Moscow Metro station

Olkhovaya (Russian: Ольховая) is a Moscow Metro station on the Sokolnicheskaya line. It was opened on 20 June 2019, as part of an extension that included Kommunarka, Prokshino, and Filatov Lug.

== Design ==

Overall, the station features a tree-inspired theme.

With white square tiles placed in "square diamond" positions, the walls of Olkhovaya station somewhat resemble Profsoyznaya metro station. However, the bottom edges are slightly pocking from the walls: this pattern resembles tree cones.
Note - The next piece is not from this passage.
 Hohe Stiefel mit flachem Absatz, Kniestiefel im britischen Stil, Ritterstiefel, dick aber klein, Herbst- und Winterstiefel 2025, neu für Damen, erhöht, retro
The station's hall (not on photo) has amber-like mosaic featuring trees in autumn (with yellow/orange leaves).

The lights have a similar source of tree-relates inspiration, resembling "winged" seeds of trees.
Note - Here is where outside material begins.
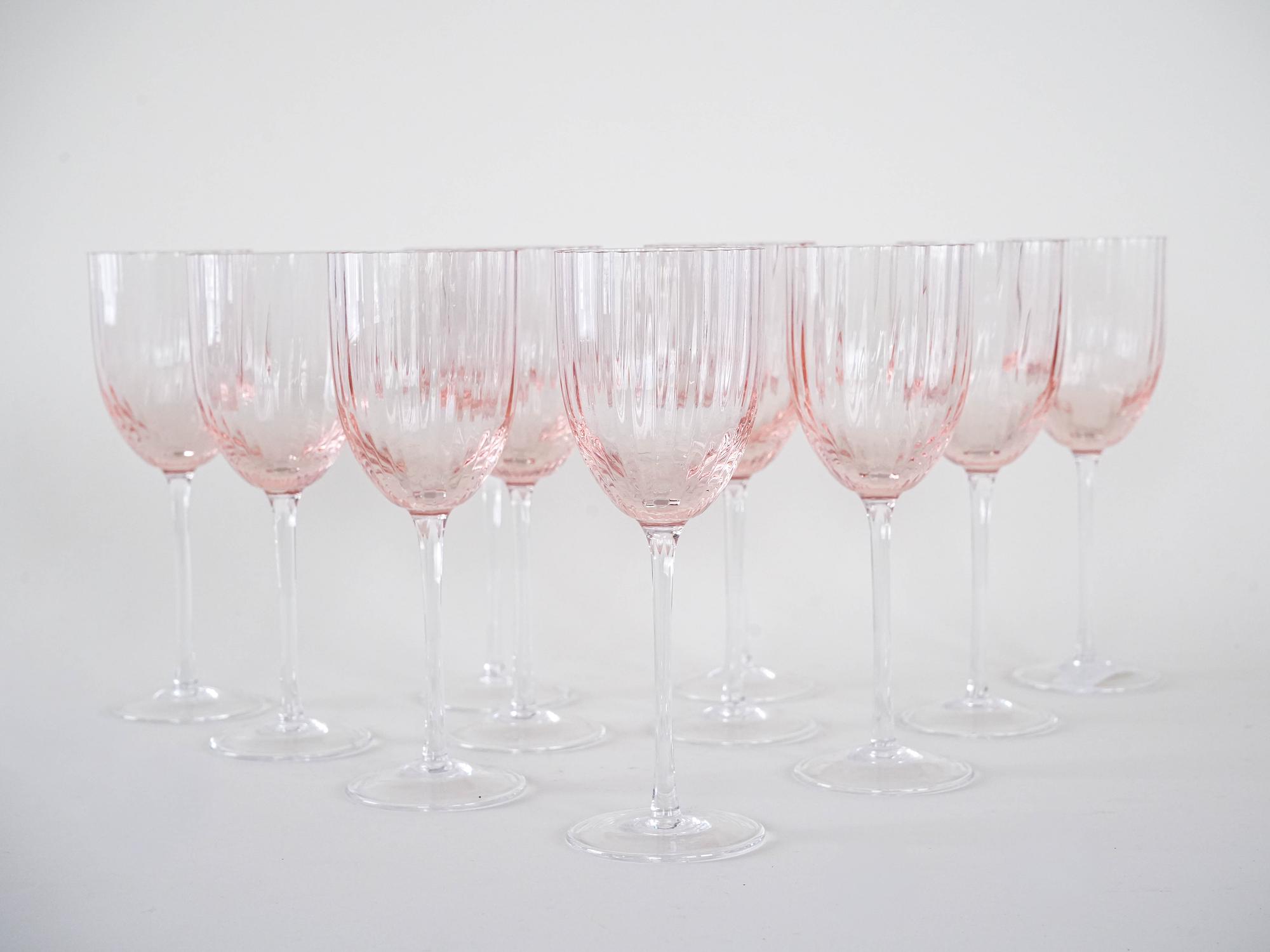 Wine glass set pink 1970s 4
The very name of the station comes from "Olkha", Russian word for alder.

=== Overground ===
The overground part of the station features a medium-sized park (paved roads and designer benches) and a large parking lot.

== Role for "New Moscow" areas ==

Said station is adjacent to Kaluzhskoe shosse highway and has a parking lot for car-to-metro interchanging. Thanks to various bus stops (various routes available) highway bus riders can interchange to Moscow Metro without dealing with MKAD-related rush hour traffic jams as well.
- Unlike many other out-of-Moscow highways, Kaluzhskoe Shosse highway does not have a railroad "double" to offer an undisturbed public transport alternative to the highway. The highway is disturbed by severely congested MKAD. And nowadays, Line 1 serves as the alternative, the "double" to avoid the constant traffic jam.